Reconstructive Craniofacial Surgery

Early corrective surgery can have a tremendous positive impact on children with craniofacial syndromes and birth defects

Reconstructive Craniofacial
Patient with severe forehead defect present for 13 years after being struck by a baseball bat.
Reconstructive Craniofacial
Patient 6 days after reconstruction of forehead with titanium mesh and hydroxyapatite.

Being born with a normal-appearing face is something we often take for granted, but for some unfortunate children this is not the case. There are a great variety of craniofacial syndromes and birth defects that can occur ranging from cleft lip and palate to afflictions such as Crouzon’s or Treacher Collins Syndrome. These disfiguring facial birth defects have great effect not only on a child’s appearance but on his or her function, psychological development, and well being.

Early corrective surgery can have a tremendous positive impact on these children. Our doctors are experienced in treating the most severe craniofacial deformities and have been featured on the local, national, and international news for surgery performed on a 5 year old child with craniofacial microsomia utilizing computer-generated stereolithographic models to plan the surgery. Using a computer-generated 3-D model the doctors were able to actually perform the skeletal surgery on the model and shape the titanium bone plates that hold the bones together before even entering the operating room.
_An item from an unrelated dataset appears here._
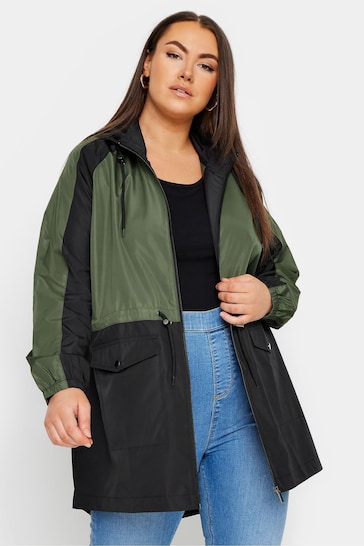 Yours Curve Green Lightweight Parka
Dr. Bianchi, Dr. Nordone, Dr. Kanter, Dr. Huffman, Dr. Kern, Dr. Schlesinger and Dr. Ilacqua are members of the multidisciplinary cleft palate-craniofacial team at St. Christopher’s Hospital for Children which allows their patients access to a team of the most experienced professionals from various medical and allied health specialties to deal with these complex problems.

Reconstructive Craniofacial
Top down view of Steriolithographic model showing severe depression of the left cheekbone and eye socket region.
Reconstructive Craniofacial
Top down view of model after moving the midface and eye sockets into proper position.

Reconstructive Craniofacial
Frontal view of model prior to making bone incisions to move the midface and eye sockets
Reconstructive Craniofacial
Side view of model after mobilizing the midface and eye sockets
Reconstructive Craniofacial
Frontal view of model after mobilizing the midface and eye sockets
Reconstructive Craniofacial
Frontal view of the model with midface and eye sockets in proper position with titanium bone plates bent to proper shape, ready for use in the operating room.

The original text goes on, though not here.